- VCD cover
- Directed by: Surya
- Written by: M D Sridhar Sunil Parameshwar Surya
- Produced by: M D Sridhar Karisubbu N R Chandrashekhar Tiptur Raju D.S. Prakash Rao
- Starring: Ramya Krishna Devaraj Prema Vinod Alva Suman Charulatha
- Cinematography: Krishna Kumar
- Edited by: D. Raja
- Music by: Rajesh Ramanath
- Release date: 9 October 2001;
- Country: India
- Language: Kannada

= Neelambari (2001 film) =

Neelambari is 2001 Indian Kannada-language fantasy film directed by Surya and starring Ramya Krishna, Devaraj, Prema, Vinod Alva, Suman, and Charulatha.

==Plot==
In the village of Neeli Batta, human sacrifices occur.
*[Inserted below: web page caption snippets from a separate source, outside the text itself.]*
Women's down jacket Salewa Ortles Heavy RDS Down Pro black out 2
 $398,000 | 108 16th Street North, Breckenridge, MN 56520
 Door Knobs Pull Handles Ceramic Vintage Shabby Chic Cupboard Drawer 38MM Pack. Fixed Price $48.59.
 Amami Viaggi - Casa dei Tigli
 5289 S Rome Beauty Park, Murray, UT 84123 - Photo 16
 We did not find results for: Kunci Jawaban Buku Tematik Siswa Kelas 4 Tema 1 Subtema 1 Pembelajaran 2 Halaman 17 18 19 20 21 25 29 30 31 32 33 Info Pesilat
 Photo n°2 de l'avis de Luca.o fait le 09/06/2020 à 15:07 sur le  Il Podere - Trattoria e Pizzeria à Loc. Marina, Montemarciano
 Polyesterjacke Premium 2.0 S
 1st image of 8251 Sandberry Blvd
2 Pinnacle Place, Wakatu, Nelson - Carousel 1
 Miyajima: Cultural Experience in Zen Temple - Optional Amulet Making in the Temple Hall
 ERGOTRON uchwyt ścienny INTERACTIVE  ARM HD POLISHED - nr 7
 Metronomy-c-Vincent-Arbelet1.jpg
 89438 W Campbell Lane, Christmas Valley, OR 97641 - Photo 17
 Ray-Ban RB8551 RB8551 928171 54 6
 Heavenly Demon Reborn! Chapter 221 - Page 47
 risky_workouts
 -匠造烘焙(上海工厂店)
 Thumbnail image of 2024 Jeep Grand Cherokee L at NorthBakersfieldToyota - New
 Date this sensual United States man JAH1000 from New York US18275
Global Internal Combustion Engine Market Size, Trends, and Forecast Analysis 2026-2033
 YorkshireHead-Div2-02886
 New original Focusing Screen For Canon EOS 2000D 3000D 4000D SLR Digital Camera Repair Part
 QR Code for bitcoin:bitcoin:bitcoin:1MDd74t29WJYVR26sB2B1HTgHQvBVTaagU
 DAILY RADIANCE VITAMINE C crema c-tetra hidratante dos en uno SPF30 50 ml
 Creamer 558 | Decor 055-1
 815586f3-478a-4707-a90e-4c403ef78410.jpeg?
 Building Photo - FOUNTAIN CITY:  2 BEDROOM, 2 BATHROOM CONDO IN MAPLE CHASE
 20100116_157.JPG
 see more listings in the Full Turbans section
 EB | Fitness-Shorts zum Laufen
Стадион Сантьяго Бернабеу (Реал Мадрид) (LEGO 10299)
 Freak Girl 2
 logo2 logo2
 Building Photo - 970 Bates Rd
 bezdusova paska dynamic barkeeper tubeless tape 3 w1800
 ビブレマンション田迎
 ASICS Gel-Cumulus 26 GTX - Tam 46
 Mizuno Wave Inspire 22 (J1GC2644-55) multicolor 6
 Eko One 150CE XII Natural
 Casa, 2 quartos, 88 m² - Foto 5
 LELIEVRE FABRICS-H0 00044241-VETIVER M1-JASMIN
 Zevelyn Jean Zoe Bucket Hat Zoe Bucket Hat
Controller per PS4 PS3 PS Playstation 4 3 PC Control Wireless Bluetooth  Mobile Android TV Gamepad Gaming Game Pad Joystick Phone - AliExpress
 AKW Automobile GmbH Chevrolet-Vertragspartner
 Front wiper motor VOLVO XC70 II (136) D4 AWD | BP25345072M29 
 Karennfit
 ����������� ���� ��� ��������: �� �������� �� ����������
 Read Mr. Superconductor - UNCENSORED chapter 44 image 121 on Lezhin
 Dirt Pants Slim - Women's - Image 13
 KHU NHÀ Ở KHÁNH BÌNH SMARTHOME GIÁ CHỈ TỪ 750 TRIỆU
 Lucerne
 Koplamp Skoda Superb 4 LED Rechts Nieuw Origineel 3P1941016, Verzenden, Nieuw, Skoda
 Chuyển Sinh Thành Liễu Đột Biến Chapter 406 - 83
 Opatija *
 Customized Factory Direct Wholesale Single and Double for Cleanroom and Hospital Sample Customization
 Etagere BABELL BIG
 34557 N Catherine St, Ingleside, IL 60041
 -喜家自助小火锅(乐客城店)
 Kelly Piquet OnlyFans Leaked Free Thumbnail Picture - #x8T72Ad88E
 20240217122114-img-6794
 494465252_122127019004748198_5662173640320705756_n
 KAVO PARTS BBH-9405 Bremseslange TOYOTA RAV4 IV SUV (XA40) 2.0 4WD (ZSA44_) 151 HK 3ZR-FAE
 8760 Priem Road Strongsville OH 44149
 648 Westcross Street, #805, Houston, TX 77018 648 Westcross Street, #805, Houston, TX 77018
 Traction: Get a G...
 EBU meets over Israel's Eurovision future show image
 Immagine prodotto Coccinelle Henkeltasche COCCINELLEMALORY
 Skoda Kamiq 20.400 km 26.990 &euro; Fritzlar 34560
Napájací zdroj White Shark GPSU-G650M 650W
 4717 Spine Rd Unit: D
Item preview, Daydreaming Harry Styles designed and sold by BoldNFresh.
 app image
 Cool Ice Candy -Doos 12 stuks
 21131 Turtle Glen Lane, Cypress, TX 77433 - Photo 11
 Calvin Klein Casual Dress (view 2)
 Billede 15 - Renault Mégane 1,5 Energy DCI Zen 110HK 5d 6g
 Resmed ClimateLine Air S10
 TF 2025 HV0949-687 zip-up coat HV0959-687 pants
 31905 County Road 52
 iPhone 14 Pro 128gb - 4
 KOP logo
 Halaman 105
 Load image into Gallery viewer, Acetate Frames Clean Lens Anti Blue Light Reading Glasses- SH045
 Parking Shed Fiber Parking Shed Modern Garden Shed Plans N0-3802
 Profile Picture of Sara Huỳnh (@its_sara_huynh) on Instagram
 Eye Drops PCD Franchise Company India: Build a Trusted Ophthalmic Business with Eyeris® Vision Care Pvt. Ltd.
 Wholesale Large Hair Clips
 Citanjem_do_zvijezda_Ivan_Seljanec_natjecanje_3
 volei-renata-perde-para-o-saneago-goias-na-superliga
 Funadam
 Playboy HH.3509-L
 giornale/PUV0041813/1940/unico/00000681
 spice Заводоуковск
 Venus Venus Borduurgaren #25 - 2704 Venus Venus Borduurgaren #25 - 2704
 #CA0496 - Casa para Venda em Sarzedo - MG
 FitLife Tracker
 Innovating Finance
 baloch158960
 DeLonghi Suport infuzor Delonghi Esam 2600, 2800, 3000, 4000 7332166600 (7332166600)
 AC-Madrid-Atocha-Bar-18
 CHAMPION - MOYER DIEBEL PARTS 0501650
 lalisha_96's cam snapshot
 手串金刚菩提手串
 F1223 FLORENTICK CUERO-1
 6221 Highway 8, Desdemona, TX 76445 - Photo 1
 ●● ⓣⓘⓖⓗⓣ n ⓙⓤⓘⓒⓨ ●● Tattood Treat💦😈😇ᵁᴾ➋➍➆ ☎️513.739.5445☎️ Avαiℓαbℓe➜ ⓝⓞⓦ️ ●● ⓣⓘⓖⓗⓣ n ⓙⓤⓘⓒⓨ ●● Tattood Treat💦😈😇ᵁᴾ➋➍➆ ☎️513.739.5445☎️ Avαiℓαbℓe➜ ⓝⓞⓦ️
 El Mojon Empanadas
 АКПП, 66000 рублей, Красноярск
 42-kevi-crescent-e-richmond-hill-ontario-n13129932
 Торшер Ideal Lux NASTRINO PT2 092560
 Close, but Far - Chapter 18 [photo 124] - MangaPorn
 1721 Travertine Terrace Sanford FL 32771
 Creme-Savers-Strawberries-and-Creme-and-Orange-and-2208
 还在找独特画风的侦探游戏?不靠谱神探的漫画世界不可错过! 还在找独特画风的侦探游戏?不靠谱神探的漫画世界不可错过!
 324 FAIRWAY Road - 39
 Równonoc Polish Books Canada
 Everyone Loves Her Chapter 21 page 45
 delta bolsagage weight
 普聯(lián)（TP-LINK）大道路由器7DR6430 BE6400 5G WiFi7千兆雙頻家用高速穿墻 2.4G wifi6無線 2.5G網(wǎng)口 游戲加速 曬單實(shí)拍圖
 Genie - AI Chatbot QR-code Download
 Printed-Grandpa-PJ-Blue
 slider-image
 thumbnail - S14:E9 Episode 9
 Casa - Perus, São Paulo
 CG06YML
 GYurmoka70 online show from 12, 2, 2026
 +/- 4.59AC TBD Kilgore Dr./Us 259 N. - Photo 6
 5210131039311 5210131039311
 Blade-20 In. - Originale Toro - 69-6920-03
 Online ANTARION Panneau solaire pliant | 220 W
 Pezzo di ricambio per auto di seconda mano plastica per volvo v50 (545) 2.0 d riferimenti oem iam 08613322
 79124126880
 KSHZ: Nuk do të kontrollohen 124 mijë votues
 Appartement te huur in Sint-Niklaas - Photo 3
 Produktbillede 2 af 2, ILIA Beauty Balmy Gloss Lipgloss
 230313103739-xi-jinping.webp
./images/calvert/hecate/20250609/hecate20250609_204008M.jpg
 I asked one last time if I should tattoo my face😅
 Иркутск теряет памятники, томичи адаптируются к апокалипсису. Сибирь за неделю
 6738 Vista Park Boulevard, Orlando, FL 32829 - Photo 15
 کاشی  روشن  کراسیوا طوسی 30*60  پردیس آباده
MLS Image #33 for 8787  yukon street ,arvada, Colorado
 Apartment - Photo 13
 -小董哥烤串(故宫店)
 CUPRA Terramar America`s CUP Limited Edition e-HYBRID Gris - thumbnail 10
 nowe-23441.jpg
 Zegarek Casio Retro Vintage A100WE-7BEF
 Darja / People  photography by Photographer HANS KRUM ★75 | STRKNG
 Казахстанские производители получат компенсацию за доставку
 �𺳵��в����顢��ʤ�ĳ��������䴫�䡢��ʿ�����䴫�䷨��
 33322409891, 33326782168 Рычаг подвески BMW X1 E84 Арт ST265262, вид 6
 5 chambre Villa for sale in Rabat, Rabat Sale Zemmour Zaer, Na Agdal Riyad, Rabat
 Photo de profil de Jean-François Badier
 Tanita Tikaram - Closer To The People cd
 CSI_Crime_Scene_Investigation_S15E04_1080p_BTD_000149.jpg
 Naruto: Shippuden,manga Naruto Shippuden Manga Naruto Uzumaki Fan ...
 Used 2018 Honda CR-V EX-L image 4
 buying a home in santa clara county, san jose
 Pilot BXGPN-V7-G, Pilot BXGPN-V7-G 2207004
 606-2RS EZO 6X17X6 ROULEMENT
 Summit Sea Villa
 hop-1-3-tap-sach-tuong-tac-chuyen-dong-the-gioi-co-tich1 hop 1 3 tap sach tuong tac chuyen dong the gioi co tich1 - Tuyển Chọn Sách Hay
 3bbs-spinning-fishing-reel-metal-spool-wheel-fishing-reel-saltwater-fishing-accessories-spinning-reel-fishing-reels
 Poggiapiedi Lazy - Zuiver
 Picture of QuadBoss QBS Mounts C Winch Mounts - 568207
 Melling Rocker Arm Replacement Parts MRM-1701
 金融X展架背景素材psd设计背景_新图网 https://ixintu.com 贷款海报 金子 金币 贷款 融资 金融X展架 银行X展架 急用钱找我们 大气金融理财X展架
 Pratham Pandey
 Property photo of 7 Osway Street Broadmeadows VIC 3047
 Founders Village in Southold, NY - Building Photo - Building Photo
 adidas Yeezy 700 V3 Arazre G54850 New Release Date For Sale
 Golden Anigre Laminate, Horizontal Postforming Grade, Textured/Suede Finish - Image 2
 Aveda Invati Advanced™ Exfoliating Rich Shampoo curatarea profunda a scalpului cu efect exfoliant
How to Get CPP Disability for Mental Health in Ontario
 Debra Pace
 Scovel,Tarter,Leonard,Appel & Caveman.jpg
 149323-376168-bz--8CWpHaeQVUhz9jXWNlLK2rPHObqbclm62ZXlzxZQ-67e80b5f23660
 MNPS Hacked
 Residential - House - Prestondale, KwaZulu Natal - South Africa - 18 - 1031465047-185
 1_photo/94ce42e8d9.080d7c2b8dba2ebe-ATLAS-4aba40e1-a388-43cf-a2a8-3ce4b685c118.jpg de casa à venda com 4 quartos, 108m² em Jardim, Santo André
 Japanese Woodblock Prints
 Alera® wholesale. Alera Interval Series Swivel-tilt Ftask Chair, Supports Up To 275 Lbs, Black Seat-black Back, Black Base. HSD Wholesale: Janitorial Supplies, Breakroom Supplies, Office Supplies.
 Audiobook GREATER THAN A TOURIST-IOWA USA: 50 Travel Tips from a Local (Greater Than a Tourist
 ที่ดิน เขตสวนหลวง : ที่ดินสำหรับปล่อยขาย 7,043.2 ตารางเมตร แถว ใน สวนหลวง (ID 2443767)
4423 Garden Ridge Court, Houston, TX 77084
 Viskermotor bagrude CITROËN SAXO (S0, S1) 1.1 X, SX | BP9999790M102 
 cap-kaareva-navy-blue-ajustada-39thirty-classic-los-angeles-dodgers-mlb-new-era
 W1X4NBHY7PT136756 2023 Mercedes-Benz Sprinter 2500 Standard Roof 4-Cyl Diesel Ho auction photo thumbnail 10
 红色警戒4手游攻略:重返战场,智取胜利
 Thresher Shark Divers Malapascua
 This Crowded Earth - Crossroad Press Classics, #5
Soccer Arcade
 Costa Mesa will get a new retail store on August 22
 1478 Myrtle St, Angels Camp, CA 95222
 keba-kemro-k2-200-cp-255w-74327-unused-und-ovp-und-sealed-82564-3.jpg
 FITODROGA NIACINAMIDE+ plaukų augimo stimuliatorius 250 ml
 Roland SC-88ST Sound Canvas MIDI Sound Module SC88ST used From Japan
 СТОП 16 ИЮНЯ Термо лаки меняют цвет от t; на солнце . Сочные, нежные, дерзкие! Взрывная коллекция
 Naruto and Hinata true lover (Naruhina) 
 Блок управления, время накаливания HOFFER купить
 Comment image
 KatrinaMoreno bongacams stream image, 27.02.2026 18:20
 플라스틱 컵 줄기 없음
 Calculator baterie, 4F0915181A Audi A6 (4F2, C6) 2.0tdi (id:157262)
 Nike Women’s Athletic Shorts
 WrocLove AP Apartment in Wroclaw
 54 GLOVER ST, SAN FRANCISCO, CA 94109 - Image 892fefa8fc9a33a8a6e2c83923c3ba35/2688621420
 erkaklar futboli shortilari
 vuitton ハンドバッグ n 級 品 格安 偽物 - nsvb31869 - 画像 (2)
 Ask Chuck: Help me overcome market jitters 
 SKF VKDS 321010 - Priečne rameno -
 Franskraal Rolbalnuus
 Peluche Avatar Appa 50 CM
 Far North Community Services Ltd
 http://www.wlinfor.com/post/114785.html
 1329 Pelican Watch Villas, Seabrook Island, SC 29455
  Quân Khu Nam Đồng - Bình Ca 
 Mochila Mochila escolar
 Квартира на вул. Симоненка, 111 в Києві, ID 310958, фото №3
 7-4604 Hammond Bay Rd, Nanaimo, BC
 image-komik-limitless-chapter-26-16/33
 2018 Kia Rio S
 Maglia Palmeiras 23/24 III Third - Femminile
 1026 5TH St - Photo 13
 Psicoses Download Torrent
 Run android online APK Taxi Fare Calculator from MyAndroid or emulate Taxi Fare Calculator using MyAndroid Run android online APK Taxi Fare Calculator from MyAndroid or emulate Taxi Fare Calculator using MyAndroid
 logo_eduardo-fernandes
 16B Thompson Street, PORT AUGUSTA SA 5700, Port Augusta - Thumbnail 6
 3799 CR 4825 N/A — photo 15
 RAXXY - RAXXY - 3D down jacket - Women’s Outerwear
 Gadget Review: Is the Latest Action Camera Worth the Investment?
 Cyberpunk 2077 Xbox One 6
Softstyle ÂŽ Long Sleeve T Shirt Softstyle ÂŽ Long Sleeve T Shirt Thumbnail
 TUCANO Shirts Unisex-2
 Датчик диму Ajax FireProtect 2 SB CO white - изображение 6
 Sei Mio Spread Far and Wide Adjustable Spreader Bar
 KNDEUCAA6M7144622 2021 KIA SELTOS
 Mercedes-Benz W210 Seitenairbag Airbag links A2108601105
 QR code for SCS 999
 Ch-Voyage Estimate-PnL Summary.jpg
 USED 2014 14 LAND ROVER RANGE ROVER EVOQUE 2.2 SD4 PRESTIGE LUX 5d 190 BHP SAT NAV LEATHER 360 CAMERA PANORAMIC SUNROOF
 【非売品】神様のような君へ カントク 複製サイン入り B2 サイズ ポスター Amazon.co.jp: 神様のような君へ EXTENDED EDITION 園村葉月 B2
A five-member TV channel crew (including Vinod) comes to report on the village. Charuhasan asks the crew to see Akhila who can tell them the story. Two members of the crew get murdered. Police officer Bharath and his wife Durga come to investigate the murders. A flashback is told about how both beautiful Malli and an ordinary looking Neela had fought over who gets Veera and eventually Malli had married Veera. A furious Neela has used her father's powers, done a yaaga, transformed into Akhila and creates havoc in the village. How Akhila is defeated forms the rest of the story.

== Release and reception ==
The film was later dubbed in Telugu in April 2002. A critic from Sify said that "What can you say more about this super natural movie mixed with special effects? Well if you like Ramya go for it". Gudipoodi Srihari of The Hindu wrote that "The narration drags, taking good time to present the obvious. The film belongs to Ramya who plays different characters that come into picture at different stages". Arpan Panicker of Full Hyderabad opined that "It ain't different enough." Overall the reviews were not favorable.